Work to be completed. Each line of the data below from the one holding "符文工厂5云上之国区域的道具在哪里" to the one holding "The equity review — chart 5", inclusive, is to be reproduced exactly; no other line belongs in the answer.

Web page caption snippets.
□ □ □ □

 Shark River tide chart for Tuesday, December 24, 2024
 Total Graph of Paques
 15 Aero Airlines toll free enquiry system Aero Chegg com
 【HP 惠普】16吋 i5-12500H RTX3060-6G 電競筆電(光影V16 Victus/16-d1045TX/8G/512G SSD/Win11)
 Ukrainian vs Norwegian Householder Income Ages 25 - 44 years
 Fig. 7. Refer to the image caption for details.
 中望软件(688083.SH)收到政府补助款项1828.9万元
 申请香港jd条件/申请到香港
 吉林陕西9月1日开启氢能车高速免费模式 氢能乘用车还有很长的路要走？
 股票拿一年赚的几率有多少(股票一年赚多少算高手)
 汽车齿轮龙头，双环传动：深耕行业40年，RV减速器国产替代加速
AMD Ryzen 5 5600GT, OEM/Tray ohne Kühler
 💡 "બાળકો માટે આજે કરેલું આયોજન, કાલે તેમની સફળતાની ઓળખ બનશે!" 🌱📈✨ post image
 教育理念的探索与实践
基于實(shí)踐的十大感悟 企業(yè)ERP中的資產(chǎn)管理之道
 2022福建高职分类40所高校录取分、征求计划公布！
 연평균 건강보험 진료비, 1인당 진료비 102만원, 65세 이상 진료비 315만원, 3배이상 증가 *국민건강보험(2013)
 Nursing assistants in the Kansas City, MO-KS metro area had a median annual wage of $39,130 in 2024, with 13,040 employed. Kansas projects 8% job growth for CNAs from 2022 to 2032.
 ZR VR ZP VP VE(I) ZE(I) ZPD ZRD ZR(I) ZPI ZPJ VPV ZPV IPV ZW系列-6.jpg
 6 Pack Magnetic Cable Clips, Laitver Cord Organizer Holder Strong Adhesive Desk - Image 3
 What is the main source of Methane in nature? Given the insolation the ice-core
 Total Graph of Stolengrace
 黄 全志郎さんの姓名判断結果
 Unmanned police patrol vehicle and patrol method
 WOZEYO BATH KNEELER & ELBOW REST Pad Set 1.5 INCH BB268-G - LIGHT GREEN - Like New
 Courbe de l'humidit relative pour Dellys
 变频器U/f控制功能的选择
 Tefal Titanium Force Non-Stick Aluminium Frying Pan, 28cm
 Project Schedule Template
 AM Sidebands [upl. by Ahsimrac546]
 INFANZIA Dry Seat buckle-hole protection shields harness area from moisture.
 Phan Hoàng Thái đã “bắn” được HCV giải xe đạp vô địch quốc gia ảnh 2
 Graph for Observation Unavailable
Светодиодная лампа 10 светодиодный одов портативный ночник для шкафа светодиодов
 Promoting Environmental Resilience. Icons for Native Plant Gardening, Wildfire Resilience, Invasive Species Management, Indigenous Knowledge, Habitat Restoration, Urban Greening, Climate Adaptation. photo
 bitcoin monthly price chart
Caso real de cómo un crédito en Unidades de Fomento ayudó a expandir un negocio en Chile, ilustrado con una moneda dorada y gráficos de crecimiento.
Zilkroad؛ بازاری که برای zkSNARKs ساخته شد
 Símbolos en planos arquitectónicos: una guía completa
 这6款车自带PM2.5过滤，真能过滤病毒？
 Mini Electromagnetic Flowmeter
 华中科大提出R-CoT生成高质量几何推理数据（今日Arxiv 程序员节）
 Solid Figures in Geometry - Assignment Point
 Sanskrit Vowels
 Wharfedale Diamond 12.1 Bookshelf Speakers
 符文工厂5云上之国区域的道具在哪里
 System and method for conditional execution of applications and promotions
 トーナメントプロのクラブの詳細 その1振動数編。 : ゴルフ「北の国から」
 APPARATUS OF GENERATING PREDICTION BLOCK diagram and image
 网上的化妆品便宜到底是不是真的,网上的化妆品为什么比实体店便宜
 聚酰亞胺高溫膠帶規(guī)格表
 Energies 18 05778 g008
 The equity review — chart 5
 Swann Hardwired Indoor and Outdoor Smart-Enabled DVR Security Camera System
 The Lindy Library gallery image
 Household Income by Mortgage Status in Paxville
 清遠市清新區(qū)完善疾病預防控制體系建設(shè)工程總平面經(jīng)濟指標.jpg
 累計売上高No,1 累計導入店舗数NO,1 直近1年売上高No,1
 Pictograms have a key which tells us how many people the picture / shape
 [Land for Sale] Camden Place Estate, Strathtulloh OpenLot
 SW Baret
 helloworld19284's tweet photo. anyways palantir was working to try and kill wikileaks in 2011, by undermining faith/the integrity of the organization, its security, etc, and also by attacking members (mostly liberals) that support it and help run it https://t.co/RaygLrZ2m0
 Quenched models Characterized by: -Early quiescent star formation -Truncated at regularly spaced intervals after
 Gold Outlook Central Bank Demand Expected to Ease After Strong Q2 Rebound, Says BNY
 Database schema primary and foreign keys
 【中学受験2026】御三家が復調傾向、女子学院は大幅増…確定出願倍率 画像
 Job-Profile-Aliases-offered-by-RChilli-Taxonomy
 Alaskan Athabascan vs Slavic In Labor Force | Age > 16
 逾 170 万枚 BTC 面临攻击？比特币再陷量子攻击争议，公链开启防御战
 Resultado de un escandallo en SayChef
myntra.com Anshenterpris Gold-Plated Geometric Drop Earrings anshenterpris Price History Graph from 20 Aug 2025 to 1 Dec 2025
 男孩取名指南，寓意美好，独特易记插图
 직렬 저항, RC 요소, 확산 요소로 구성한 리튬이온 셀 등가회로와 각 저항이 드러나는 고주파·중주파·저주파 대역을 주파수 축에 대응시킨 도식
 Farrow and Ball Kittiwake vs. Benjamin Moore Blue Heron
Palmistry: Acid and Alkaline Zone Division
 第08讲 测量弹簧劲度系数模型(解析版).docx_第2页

□ □ □ □

Reply.
 符文工厂5云上之国区域的道具在哪里
 System and method for conditional execution of applications and promotions
 トーナメントプロのクラブの詳細 その1振動数編。 : ゴルフ「北の国から」
 APPARATUS OF GENERATING PREDICTION BLOCK diagram and image
 网上的化妆品便宜到底是不是真的,网上的化妆品为什么比实体店便宜
 聚酰亞胺高溫膠帶規(guī)格表
 Energies 18 05778 g008
 The equity review — chart 5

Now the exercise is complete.